Над головами — указка экскурсовода с привязанным розовым платком. Толмач идет за ней. Она приводит его на Barberini. Тритон на площади дует в раковину, напыжившись, за каждой щекой по апельсину. Струя с прямым пробором на темени. Здесь когда-то выставляли для опознания найденных покойников. Вода щелкает о брусчатку.
Запахи, шум — римские, а вот цвет домов совершенно московский, в Сивцевом Вражке такой цвет был у облезлой, полуобвалившейся штукатурки старых особняков — теплый, уютный.
По via Sistina к Гоголю. Номера домов тоже спятили. Выстроились в какой-то только в Риме возможной последовательности. Вот он, 125-й.
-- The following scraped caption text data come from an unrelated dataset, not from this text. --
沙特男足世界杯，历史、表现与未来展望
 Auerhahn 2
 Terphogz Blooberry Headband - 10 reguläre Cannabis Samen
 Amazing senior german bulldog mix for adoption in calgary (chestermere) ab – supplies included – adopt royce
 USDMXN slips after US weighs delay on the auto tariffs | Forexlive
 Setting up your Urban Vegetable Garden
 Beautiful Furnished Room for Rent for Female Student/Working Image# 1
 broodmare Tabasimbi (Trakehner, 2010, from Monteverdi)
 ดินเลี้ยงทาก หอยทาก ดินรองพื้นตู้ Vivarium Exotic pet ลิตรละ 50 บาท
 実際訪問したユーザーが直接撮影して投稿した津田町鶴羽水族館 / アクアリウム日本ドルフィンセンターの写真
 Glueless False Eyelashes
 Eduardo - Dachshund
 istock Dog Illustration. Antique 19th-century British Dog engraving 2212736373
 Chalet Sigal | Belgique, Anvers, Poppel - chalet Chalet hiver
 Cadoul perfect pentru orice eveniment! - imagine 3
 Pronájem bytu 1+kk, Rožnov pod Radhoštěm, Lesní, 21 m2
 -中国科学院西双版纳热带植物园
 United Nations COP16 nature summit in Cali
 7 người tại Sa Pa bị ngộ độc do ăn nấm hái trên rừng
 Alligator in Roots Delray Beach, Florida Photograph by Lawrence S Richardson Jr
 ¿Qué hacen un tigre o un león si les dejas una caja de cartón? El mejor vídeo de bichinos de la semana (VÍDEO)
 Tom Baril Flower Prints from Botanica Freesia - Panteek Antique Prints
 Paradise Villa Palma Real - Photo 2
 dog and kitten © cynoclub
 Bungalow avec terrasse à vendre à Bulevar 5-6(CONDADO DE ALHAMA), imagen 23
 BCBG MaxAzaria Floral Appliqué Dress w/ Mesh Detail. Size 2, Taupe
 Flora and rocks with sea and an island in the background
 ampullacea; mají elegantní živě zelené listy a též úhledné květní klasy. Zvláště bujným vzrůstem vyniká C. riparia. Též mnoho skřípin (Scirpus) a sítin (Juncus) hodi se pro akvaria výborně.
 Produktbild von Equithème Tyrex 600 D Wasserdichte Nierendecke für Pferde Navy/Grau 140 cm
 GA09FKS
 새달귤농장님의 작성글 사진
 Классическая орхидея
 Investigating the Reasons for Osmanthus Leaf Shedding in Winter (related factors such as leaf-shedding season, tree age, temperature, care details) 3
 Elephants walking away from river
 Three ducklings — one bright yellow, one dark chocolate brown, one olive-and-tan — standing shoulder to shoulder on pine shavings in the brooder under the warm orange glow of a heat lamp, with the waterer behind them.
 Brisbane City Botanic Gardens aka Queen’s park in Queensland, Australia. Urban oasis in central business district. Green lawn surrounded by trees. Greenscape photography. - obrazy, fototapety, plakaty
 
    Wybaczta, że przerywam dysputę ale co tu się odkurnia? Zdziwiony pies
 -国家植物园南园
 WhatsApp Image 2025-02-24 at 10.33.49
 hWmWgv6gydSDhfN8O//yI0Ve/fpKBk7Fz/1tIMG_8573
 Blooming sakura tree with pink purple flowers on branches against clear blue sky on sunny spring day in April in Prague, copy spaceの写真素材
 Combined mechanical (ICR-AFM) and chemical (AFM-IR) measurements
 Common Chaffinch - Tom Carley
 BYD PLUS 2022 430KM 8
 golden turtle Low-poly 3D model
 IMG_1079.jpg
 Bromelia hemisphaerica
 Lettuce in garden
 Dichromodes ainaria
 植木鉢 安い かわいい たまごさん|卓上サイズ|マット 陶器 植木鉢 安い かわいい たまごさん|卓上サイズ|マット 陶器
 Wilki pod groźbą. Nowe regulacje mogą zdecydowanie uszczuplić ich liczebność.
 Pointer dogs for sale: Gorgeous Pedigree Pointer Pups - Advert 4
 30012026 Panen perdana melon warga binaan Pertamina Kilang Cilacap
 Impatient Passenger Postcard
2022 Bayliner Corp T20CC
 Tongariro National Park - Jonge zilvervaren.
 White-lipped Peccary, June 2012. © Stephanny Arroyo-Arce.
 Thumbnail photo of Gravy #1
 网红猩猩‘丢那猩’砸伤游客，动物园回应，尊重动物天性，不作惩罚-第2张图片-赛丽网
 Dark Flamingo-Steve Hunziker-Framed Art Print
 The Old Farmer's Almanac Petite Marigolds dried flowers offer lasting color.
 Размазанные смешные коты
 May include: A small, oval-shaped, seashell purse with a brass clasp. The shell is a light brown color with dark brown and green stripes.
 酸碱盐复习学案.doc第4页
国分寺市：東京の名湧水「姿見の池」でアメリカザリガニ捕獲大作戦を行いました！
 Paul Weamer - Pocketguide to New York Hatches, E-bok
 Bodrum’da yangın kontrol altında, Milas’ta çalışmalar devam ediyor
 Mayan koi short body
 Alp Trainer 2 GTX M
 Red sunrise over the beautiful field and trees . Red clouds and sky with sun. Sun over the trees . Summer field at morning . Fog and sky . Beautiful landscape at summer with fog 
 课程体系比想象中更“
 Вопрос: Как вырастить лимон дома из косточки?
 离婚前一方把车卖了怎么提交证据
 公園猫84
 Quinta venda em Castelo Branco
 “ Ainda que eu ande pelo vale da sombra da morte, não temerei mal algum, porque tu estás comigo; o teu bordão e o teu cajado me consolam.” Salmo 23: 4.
У двери на табличке имена. Теперь там живет некий De Leone. Окна верхнего этажа. Из-за шторы кто-то смотрит. Внизу стойло для ослов. Если бы вы знали, с какой радостью я бросил Швейцарию и полетел в мою душеньку, в мою красавицу Италию. Она моя! Никто в мире ее не отнимет у меня! Я родился здесь. Россия, Петербург, снега, подлецы, департамент, кафедра, театр — все это мне снилось!…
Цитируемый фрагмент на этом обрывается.